Re: CSS Opacity

Hello,

>> Just to confirm:
>> body { opacity: .5; }
>> and
>> #photo { opacity: .5; }
>>
>> will result in a opacity of 0.5 and not 0.25, right? 
>> Meaning the values are absolute not relative.
> 
> No, and that would be rather surprising. Under this model, if you want
> to modify the opacity of a whole sub-tree uniformly, you would have to
> modify the opacity property of each and every element in it, and you'd
> expect that you can decrease the opacity of a child element relative
> to its parent, whereas this thread is about not being able to do that.

So, would it work if opacity values were not restricted to [0;1]?
Now I properly slept about it I think, you would have to render
everything into several bitmaps first and then blend it all together in
the final step, because if the document would look like this:

<a opacity="0.5">A
  <b opacity="0.5">B
    <c opacity="4.0">C</c>
  </b>
</a>

"A" should be displayed with an effective opacity of 0.5, "B" with 0.25
and "C" with 1.0

But if the tree is rendered recursively, C would be blended into B and
that composite then be blended into A which is finally blended into the
background.

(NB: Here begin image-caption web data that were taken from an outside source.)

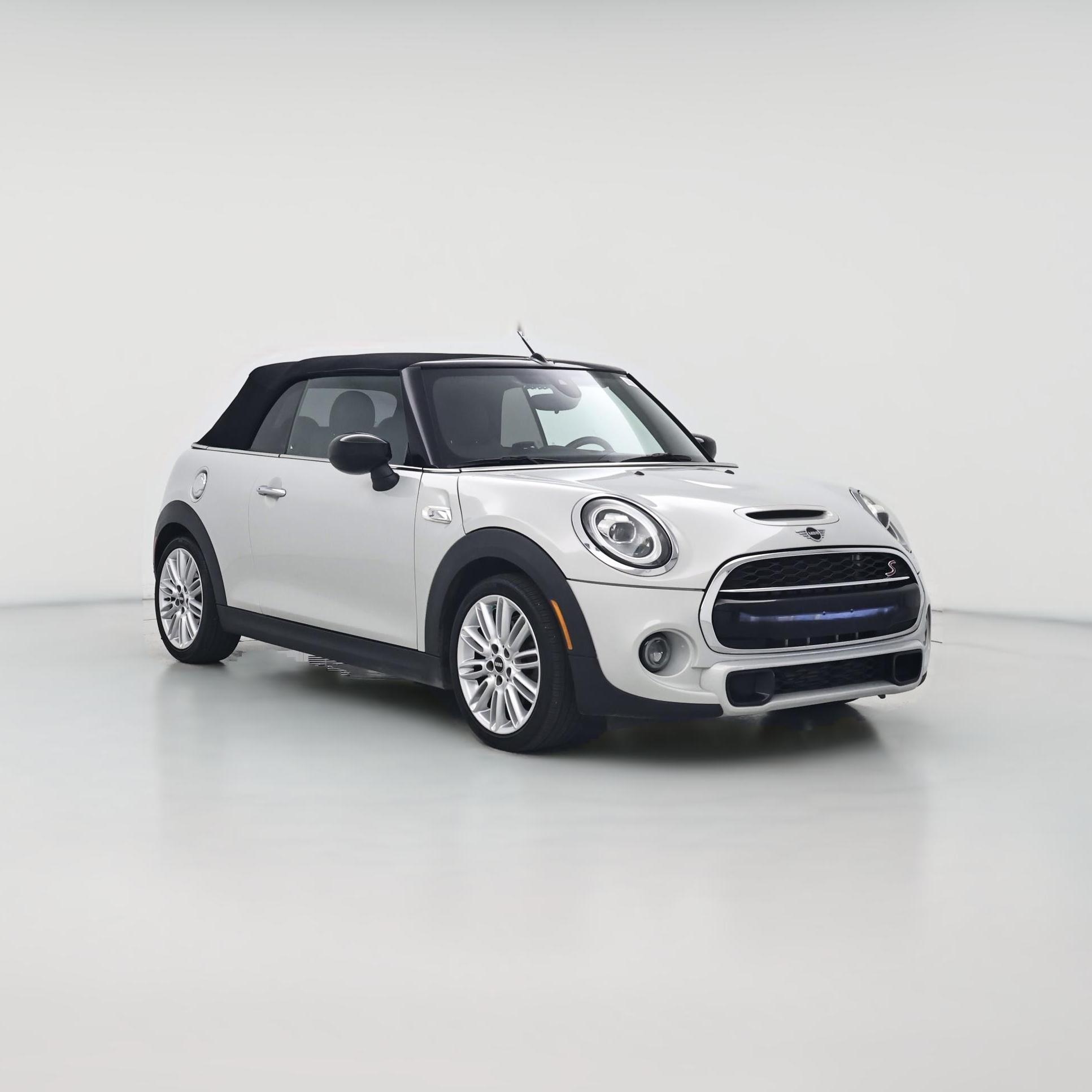 Thumbnail: 2020 MINI Cooper - 1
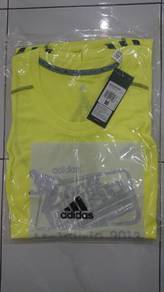 Adidas King Of The Road 2013 Running Shirt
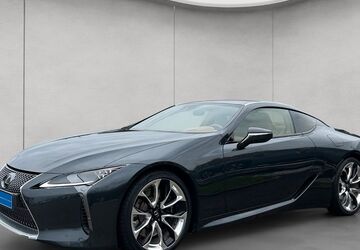 Lexus LC 500 24.000 km 94.500 &euro; Esslingen 73730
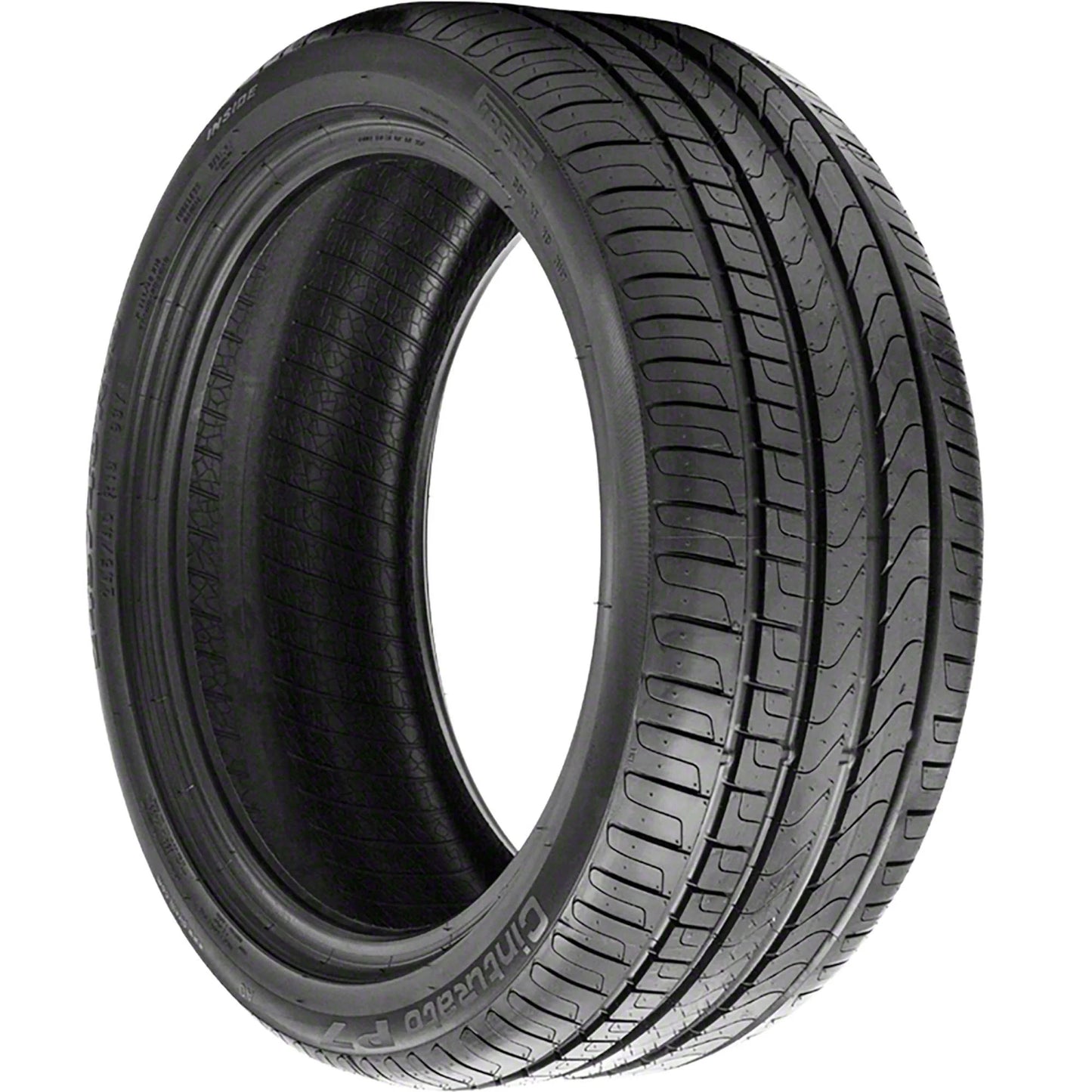 Pirelli Cinturato P7 UHP Summer 225/50R17 98Y XL Passenger Tire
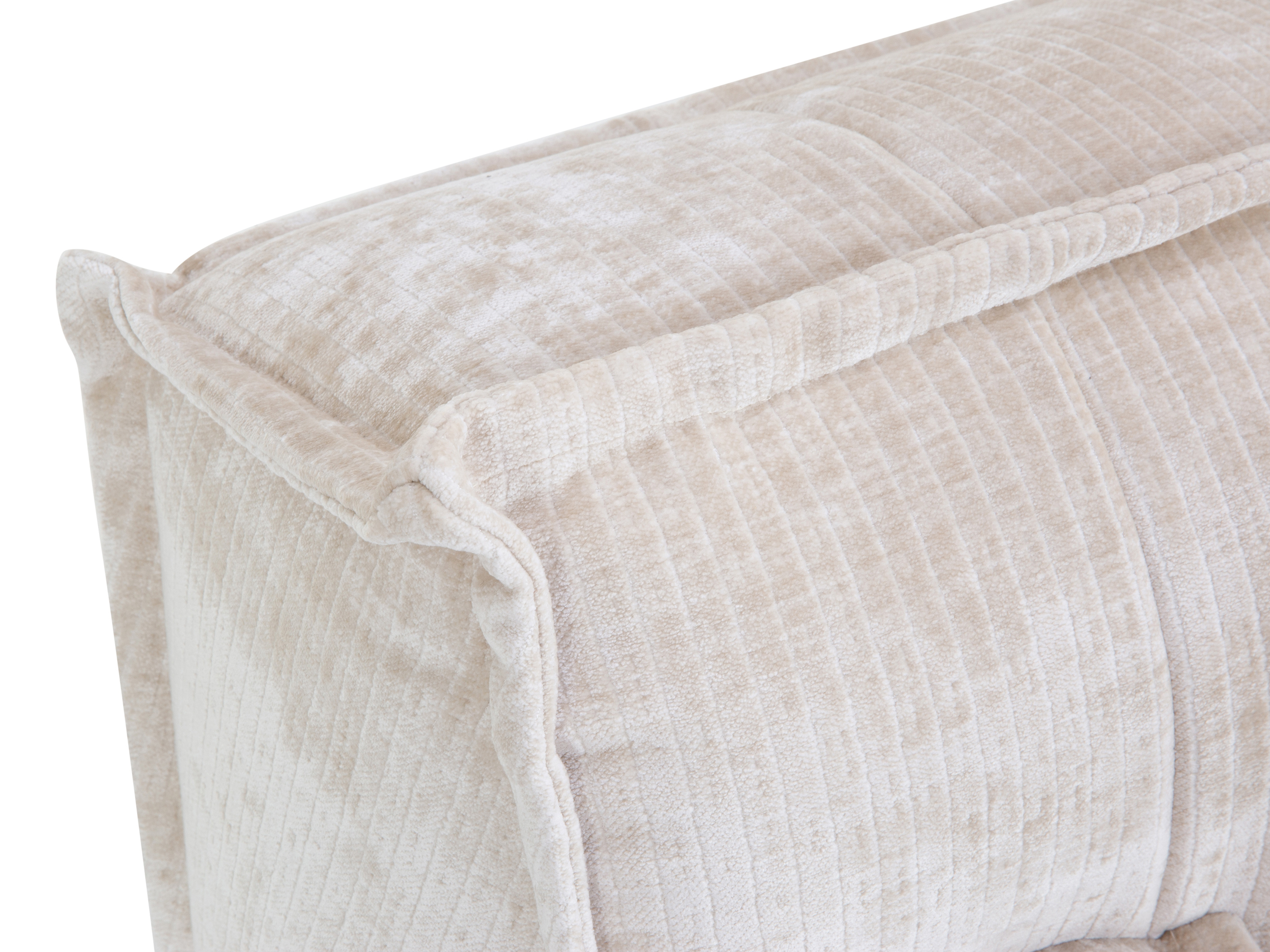 Sofaelement SANSIBAR RANTUM hellbeige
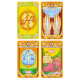 Таро Золотого Тільця - Tarot of the Golden Calf (RU)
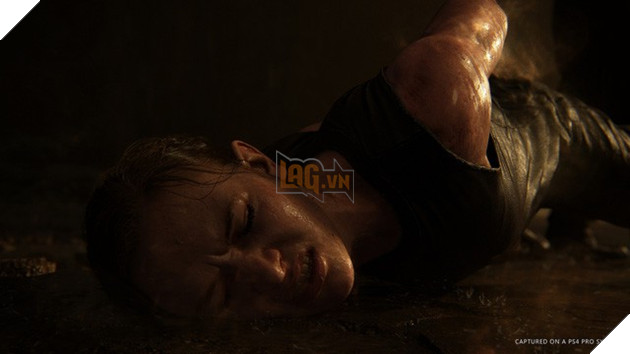 Sẽ không có "good ending" trong The Last of Us 2, bất kỳ nhân vật nào cũng có thể chết thảm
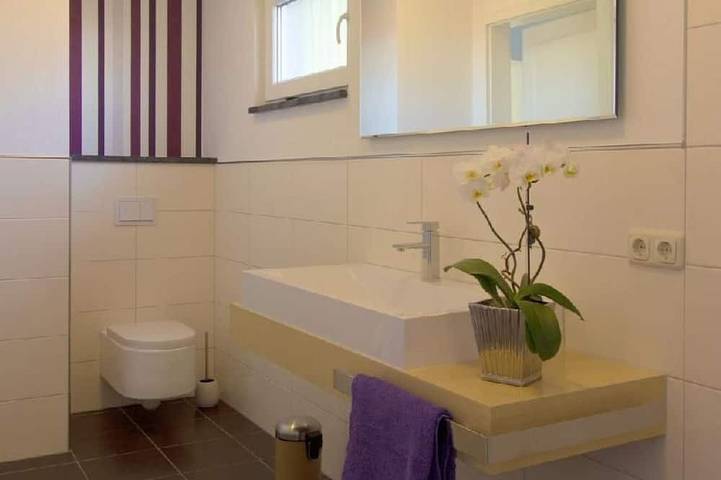Ferienhaus für 2 Personen, mit Garten in Neustadt-Glewe - 4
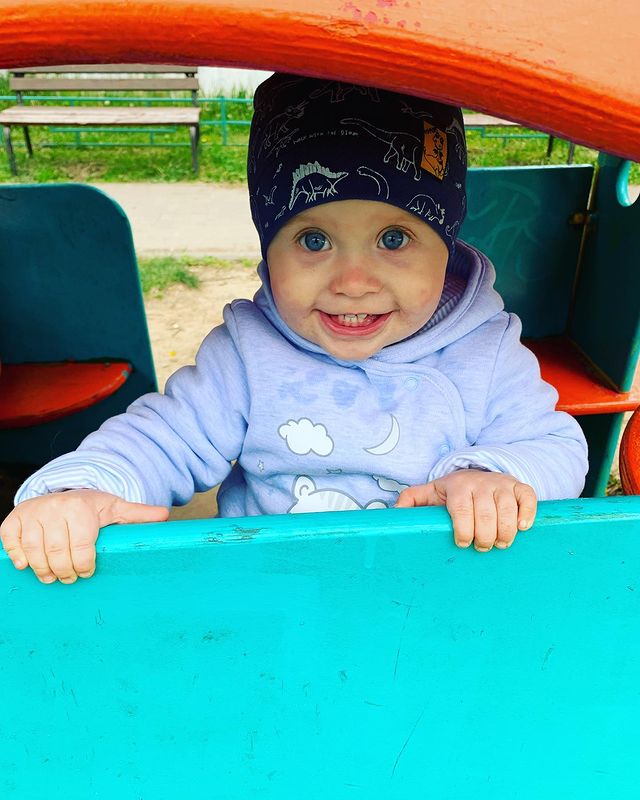 marirogatina в LOOKY. . 💙😘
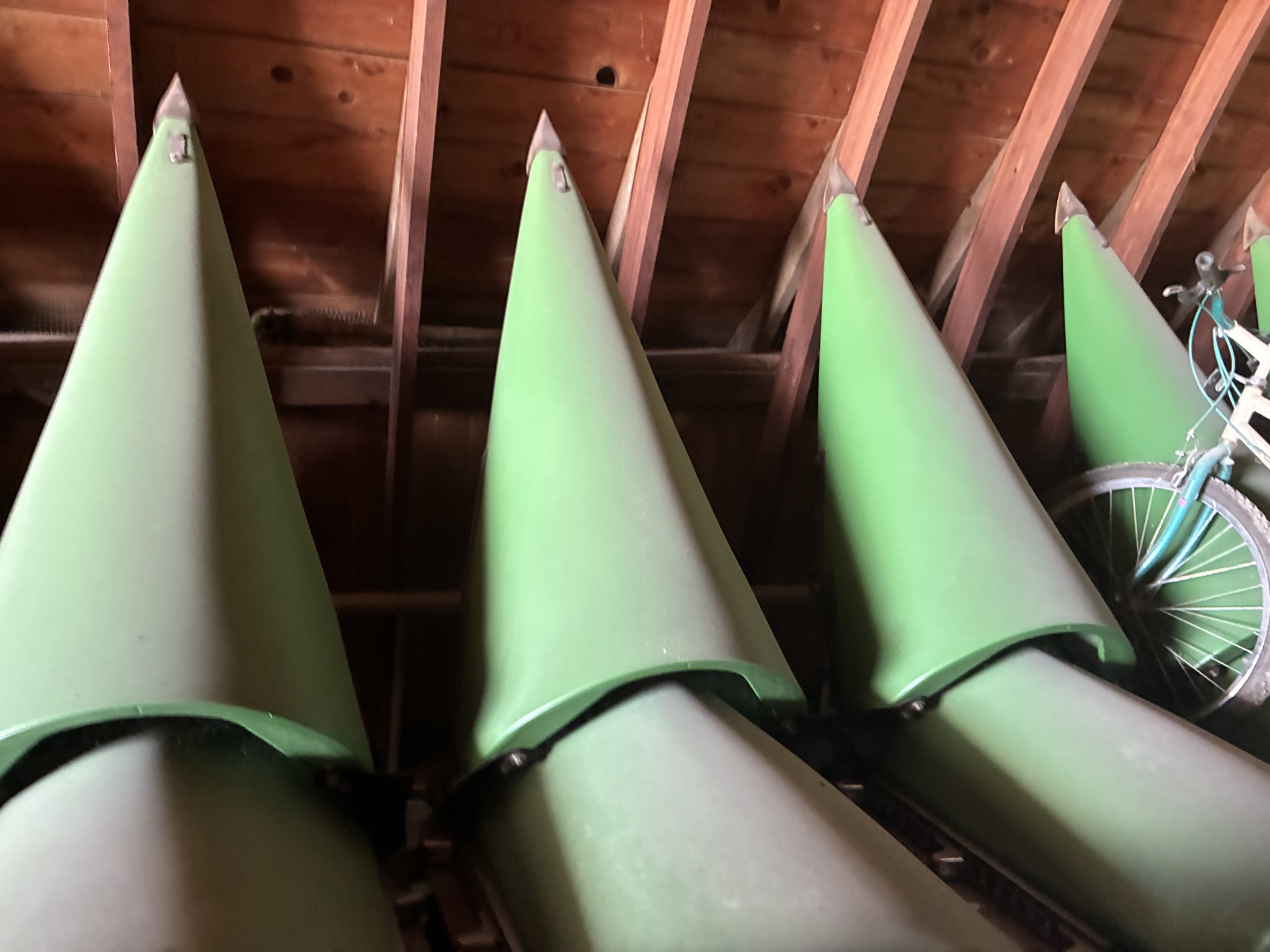 2013 John Deere 616C Image 6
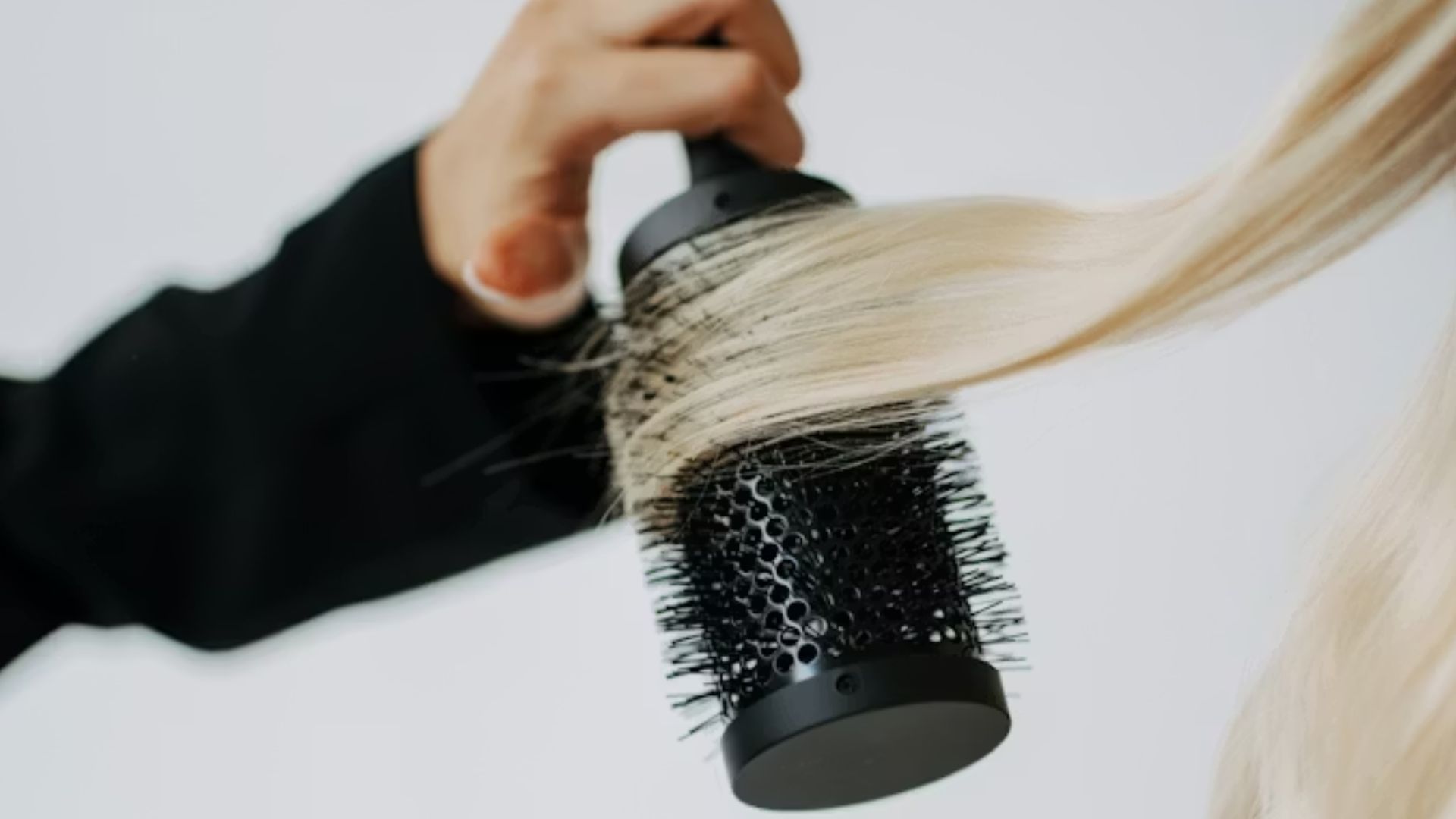 6. Le bruit du brossage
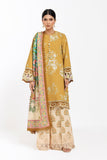 Bonanza Ayra - 3 Pc (WU3PSSW25R9O10) Winter Collection 2025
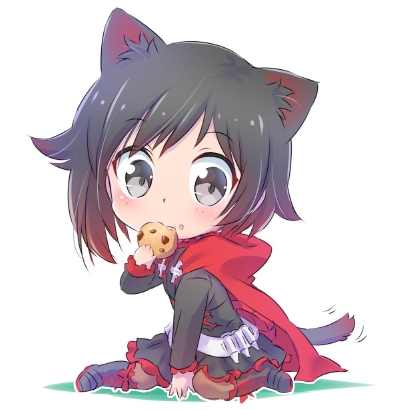 RWBY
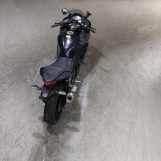 Мотоцикл Kawasaki NINJA250 з пробігом 10036 km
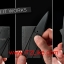 มีดบัตรเครดิต มีดการ์ด มีดพับ มีดพก ขนาดเท่ากับบัตรเครดิต Credit Card Knife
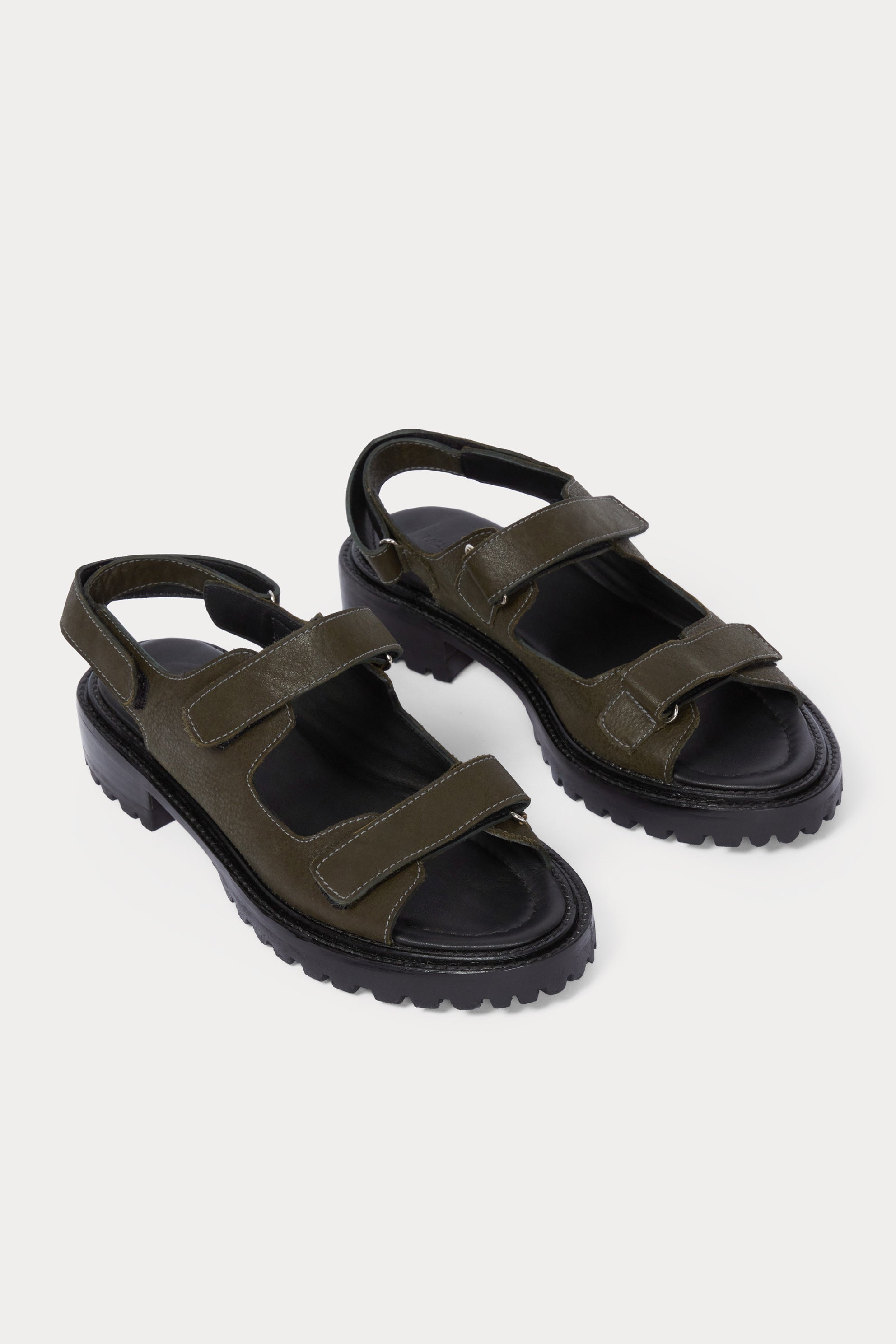 Seca Sandal-COMFORT-Rachel Comey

So when rendering <b> "locally" it would look like "B" had
an opacity of 1.0 and "C" one of 4.0 which causes a problem...

So some algorithm would be needed that allows opacity >1 but makes sure
that the "effective" opacity of no pixel will be out of [0;1]...

Maybe it is a bit of an overkill to implement this only for some little
effect nearly nobody uses (there are more pressing problems, really).